There is now considerable evidence that defects in insulin secretion are required for the development of T2D [38, 39]. Normal pancreatic β-cells are able to increase insulin secretion to compensate for reduced insulin sensitivity [38], such that the product of insulin secretion and insulin sensitivity is constant [40]. This hyperbolic relationship is known as the disposition index (DI) (Figure 1, [40]).
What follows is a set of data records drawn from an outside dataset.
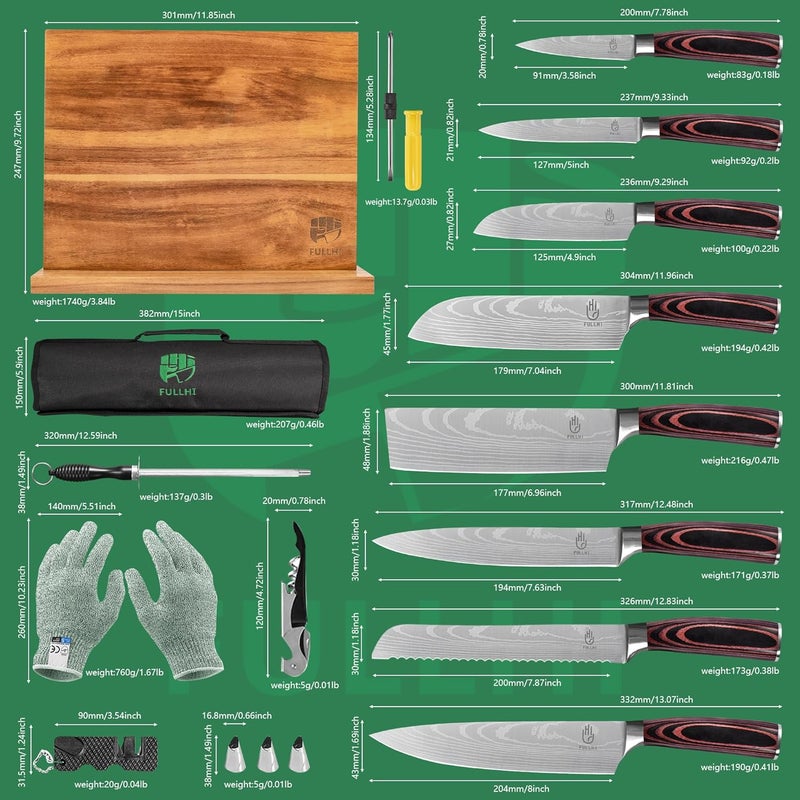 FULLHI 14/15pcs Japanese Multiple Colour Premium German Stainless Steel Kitchen Knife Set (Coffee wood, Magnetic Block Knife set) - Image 2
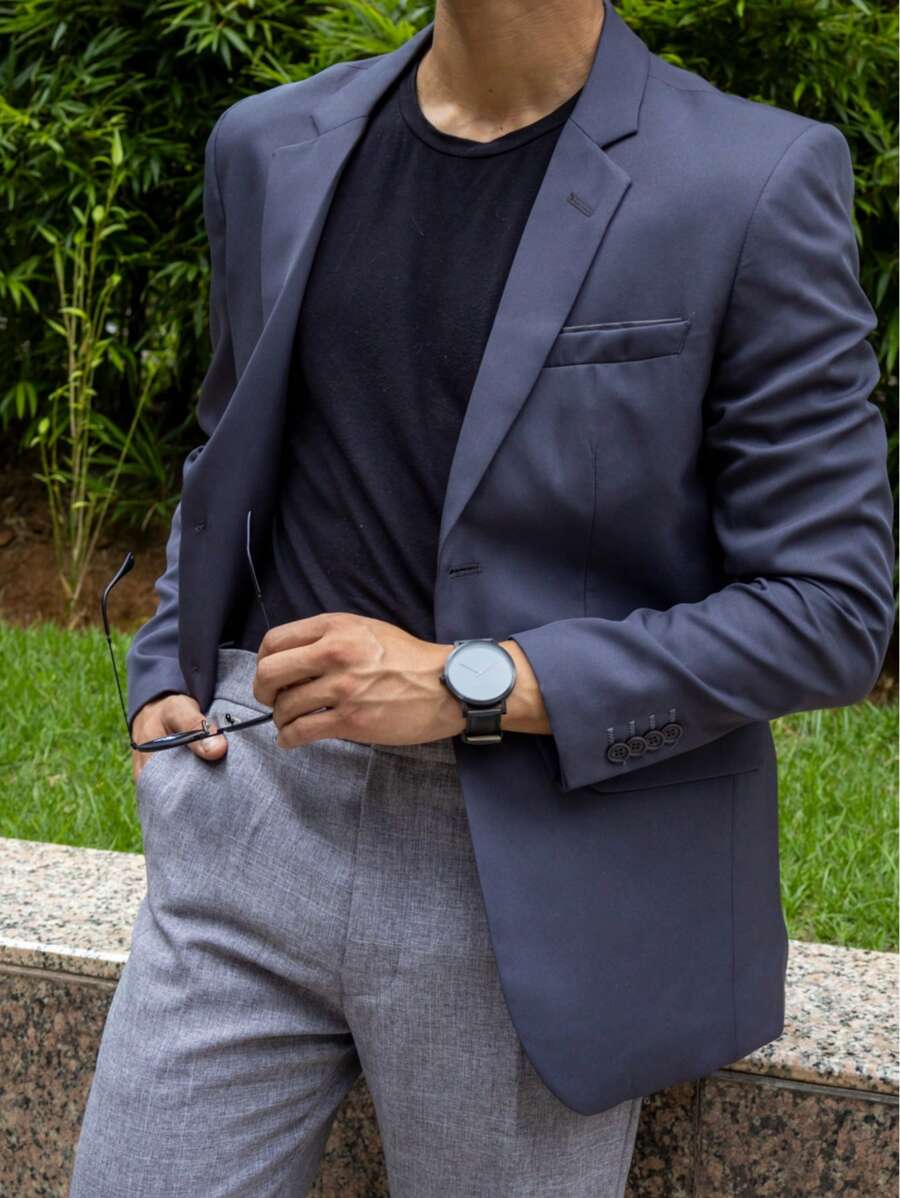 Men's Slim Sport Blazer In Lead Gray, Smooth Microfiber Fabric And High-Quality Fittings. Versatile Piece And Ideal For Formal Events, Parties Or At Work. - Màu xám đen - Xem 1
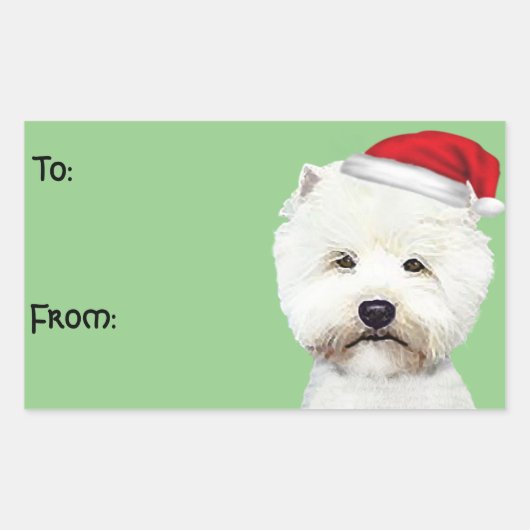 West Highland White Christmas Gift Stickers (Voorkant)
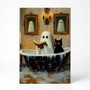 Halloween ghost canvas art with a reading ghost and gothic black cat in a bathtub, playful scene for spooky bathroom decor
It is only when the β-cell is unable to increase insulin secretion sufficiently to compensate for peripheral insulin resistance that dysglycemia and T2D develop [38, 39]. Decreased DI is the most powerful predictor of T2D risk [41]. DI can be reduced despite fasting and postprandial hyperinsulinemia [42]. Studies that failed to correct insulin secretion for insulin sensitivity have concluded that insulin secretion was increased in women with PCOS [43, 44]. However, direct assessments of insulin secretion found evidence for β-cell dysfunction in affected women [2, 45, 46]. DI was decreased in both lean and obese women with PCOS and this decrease could precede decompensations in glucose tolerance [45, 47]. These defects were even more pronounced in PCOS women with a family history of T2D [45]. It is notable that β-cell defects seem to be an early finding in women with PCOS, as adolescent girls with PCOS and impaired glucose tolerance (IGT) had decreased DI [48].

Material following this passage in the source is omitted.